START Exercise materials
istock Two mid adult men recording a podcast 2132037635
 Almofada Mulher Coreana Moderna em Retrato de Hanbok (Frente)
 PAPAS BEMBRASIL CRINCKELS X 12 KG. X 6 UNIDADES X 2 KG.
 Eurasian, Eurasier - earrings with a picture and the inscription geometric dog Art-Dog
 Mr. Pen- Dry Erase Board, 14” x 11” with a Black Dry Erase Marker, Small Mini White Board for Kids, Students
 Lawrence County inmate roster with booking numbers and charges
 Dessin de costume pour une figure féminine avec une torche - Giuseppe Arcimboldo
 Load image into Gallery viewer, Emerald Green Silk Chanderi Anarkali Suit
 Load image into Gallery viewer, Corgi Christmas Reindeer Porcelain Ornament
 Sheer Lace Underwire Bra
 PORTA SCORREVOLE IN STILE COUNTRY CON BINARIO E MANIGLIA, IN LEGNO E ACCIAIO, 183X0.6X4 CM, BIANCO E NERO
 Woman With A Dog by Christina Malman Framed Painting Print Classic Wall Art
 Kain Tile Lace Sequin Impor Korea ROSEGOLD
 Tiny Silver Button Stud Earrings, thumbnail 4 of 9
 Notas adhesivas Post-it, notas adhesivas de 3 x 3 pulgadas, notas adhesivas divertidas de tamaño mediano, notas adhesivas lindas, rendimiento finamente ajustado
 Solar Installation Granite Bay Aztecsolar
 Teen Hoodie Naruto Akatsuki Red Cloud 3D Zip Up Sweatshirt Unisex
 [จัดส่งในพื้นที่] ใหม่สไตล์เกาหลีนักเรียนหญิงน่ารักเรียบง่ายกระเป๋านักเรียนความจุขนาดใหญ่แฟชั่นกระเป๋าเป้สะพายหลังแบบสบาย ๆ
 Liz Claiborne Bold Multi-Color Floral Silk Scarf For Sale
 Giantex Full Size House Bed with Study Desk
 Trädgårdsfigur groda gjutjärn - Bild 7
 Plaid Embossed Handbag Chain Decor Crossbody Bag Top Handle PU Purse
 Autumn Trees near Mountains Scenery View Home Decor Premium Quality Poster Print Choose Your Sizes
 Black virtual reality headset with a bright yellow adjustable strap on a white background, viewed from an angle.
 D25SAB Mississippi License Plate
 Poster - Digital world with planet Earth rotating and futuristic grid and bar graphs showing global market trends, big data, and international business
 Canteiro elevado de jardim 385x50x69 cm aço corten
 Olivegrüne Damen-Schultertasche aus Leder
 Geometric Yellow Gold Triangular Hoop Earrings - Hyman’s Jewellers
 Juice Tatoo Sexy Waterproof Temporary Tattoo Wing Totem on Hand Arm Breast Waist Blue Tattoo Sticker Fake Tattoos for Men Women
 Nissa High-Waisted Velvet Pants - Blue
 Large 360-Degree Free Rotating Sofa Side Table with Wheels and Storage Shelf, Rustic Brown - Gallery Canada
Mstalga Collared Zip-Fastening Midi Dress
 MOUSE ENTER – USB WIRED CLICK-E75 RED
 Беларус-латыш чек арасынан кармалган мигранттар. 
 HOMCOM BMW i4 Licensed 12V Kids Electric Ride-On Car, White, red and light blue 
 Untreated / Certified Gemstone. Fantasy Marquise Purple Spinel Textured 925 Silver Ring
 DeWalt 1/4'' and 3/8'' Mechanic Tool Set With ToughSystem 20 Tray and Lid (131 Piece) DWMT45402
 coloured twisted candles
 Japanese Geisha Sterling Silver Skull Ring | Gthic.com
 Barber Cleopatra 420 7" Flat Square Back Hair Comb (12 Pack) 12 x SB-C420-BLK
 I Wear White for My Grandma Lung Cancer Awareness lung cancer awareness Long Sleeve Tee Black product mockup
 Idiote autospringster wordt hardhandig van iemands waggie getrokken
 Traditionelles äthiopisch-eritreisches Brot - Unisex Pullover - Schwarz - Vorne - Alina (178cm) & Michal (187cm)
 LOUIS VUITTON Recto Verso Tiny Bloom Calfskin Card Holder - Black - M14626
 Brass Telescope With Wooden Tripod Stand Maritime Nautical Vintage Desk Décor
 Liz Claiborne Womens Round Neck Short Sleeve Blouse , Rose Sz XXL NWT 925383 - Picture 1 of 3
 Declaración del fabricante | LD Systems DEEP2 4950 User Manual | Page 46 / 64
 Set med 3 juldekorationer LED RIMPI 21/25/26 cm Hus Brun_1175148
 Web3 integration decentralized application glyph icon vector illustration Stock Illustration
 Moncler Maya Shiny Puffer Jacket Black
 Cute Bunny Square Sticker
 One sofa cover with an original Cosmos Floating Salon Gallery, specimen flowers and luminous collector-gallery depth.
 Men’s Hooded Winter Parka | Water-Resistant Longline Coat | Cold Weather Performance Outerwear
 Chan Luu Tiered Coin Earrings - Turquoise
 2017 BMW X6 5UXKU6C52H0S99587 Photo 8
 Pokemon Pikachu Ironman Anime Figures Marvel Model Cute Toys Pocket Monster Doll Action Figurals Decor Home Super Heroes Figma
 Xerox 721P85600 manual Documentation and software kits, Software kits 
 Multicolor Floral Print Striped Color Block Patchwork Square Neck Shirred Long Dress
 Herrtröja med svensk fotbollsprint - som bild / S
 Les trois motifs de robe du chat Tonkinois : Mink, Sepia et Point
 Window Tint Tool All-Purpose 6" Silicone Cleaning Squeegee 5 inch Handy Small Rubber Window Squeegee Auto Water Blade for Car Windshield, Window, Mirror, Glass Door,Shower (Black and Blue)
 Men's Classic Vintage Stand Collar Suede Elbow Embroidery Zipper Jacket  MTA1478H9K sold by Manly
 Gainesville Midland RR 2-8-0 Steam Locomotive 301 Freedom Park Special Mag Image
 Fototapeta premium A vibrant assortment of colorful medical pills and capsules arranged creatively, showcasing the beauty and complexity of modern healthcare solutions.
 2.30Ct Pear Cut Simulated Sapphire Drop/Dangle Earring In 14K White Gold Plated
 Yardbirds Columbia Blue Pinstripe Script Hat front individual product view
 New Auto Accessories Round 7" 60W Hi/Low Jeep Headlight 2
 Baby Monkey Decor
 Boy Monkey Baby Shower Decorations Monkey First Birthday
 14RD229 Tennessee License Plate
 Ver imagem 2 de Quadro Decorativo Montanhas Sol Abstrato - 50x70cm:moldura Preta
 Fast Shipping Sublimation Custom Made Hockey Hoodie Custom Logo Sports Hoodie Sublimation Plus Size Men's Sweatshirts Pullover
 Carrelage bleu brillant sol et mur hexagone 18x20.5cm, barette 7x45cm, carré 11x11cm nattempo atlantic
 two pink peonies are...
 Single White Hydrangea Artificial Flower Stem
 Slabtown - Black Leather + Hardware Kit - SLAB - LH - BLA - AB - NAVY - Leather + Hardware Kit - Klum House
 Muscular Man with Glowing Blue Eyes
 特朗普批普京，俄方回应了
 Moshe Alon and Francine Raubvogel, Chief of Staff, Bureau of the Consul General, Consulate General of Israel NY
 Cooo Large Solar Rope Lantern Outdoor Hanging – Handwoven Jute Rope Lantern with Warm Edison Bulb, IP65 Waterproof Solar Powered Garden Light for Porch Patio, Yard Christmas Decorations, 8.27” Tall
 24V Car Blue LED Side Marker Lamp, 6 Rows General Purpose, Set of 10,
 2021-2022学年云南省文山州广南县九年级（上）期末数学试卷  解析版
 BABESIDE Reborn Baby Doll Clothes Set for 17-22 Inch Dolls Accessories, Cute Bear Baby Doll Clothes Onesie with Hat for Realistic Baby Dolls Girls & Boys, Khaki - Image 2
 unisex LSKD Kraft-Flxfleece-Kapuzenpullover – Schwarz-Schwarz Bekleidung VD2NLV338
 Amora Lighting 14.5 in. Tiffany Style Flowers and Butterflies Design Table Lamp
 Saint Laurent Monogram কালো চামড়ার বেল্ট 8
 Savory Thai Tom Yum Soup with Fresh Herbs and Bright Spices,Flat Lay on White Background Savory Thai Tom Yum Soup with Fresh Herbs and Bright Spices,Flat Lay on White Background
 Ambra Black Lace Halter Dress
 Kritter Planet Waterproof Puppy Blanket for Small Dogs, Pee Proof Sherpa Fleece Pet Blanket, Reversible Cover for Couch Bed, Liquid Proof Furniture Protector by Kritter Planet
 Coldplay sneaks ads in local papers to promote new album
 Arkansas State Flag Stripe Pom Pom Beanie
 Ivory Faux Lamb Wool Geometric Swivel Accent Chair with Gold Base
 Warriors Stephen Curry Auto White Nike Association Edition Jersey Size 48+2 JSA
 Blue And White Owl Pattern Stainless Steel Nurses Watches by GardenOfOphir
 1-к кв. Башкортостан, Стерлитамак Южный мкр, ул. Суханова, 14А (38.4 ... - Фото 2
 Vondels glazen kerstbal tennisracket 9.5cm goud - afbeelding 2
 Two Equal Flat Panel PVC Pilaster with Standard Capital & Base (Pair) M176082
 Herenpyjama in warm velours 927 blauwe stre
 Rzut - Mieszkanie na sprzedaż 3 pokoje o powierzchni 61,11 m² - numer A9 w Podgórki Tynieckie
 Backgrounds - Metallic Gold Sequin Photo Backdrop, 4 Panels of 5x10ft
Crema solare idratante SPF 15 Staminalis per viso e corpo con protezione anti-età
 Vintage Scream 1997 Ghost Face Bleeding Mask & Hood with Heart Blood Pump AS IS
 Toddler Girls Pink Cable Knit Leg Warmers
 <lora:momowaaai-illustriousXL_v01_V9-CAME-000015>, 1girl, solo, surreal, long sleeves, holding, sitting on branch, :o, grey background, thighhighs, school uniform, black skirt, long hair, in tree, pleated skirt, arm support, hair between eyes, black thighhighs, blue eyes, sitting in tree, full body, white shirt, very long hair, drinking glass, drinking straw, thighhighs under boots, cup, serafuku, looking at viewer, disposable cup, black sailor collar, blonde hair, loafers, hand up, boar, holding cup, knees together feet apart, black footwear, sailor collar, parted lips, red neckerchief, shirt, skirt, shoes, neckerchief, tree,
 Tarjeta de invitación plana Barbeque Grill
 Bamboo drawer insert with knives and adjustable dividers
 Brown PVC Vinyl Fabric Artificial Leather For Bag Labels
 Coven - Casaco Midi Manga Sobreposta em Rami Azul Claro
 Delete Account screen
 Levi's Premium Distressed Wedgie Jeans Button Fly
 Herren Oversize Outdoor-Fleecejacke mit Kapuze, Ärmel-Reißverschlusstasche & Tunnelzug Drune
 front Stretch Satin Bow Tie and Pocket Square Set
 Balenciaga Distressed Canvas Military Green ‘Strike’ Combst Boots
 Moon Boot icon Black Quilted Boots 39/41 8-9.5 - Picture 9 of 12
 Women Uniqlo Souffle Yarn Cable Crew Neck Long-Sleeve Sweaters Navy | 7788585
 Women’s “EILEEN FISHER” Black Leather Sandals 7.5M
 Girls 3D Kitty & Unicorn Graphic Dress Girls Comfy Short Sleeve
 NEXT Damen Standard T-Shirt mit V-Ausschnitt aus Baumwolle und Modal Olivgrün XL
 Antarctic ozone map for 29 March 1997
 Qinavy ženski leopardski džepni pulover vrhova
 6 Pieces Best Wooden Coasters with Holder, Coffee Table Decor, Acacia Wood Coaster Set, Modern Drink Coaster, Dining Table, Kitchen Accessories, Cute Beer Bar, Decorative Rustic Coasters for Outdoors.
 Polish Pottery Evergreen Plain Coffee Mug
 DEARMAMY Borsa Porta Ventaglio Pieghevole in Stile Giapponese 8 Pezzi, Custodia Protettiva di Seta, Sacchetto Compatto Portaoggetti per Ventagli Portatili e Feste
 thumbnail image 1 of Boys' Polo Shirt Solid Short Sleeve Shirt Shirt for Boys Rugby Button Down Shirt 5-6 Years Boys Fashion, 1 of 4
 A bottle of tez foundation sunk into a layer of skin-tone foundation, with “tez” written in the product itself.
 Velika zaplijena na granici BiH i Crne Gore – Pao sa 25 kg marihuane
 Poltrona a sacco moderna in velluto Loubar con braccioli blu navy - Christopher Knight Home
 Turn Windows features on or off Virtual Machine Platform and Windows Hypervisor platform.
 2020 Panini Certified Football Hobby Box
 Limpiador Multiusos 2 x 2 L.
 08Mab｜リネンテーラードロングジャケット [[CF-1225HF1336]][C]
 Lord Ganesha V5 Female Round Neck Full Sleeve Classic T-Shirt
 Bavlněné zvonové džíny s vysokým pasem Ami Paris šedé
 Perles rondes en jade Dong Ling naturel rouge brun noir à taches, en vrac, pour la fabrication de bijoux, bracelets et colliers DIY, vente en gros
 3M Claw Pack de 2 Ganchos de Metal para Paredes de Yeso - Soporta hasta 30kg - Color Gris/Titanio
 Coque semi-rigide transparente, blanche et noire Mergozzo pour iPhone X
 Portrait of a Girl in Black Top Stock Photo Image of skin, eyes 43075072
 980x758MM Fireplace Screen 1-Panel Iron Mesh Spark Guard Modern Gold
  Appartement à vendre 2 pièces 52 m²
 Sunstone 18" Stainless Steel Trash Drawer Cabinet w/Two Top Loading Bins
END Exercise materials
> [Action item]: Write down exactly every line of the material above up to and including the line containing "Eurasian, Eurasier - earrings".

> [Exercise solution]:
istock Two mid adult men recording a podcast 2132037635
 Almofada Mulher Coreana Moderna em Retrato de Hanbok (Frente)
 PAPAS BEMBRASIL CRINCKELS X 12 KG. X 6 UNIDADES X 2 KG.
 Eurasian, Eurasier - earrings with a picture and the inscription geometric dog Art-Dog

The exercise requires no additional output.